• WHAT NEEDS TO BE DONE: Everything in the data below except the pictures must be repeated word for word.

• PROVIDED MATERIAL:
>>>>>

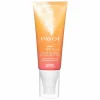 PAYOT Sunny Huile de Reve Tan Effect SPF15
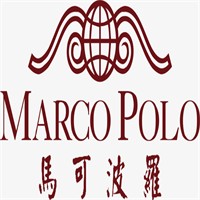 马可波罗烘焙加盟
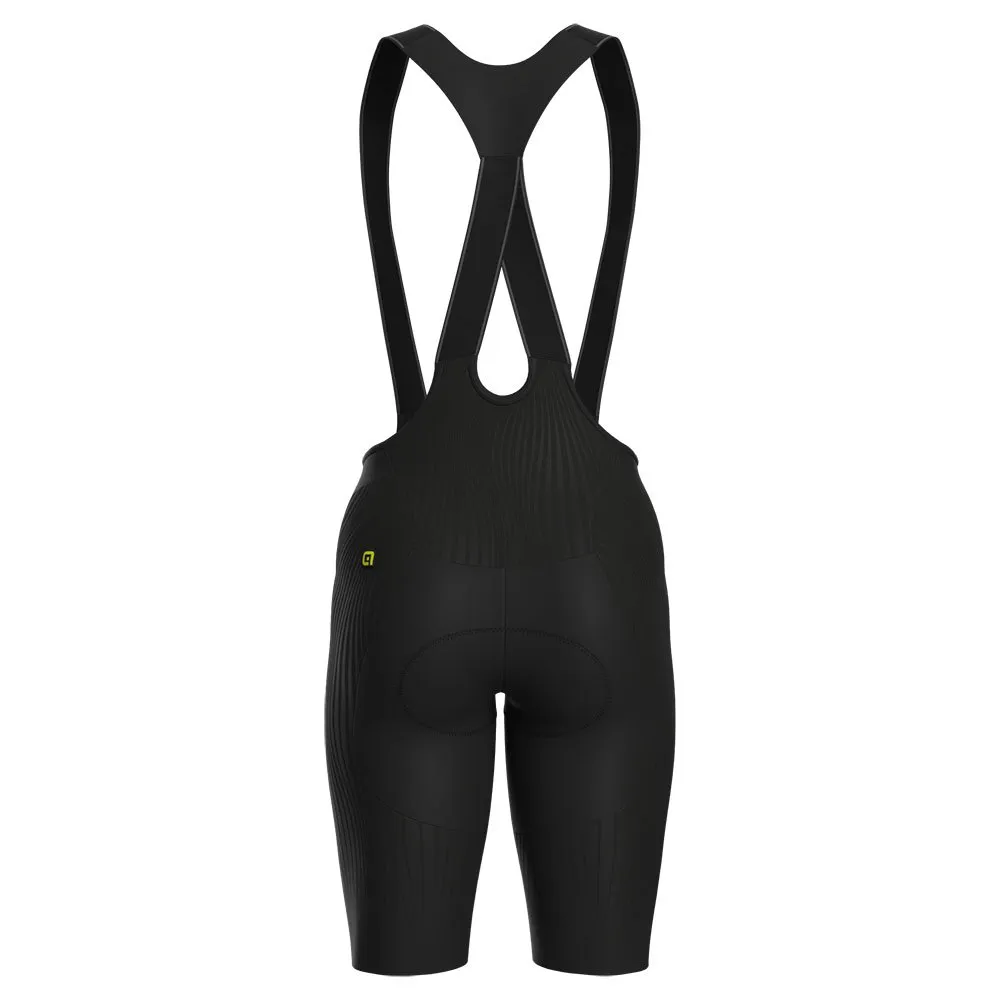 Alé R-ev1 Watt 3.6 Trägerhose Alé R-ev1 Watt 3.6 Trägerhose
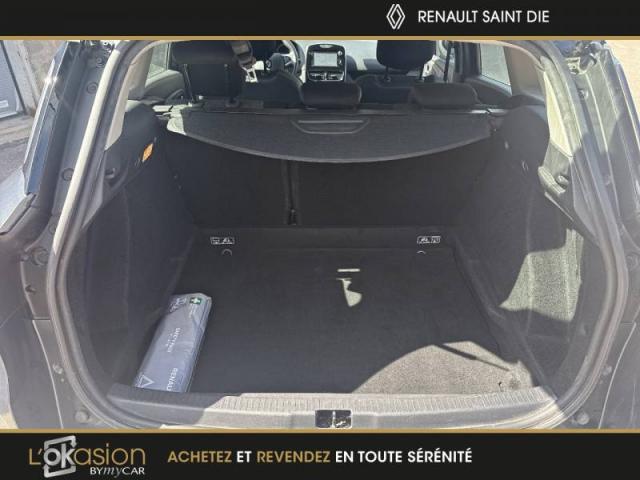 Renault Clio image 5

<<<<<

• EXERCISE ANSWER:
 PAYOT Sunny Huile de Reve Tan Effect SPF15
 马可波罗烘焙加盟
 Alé R-ev1 Watt 3.6 Trägerhose Alé R-ev1 Watt 3.6 Trägerhose
 Renault Clio image 5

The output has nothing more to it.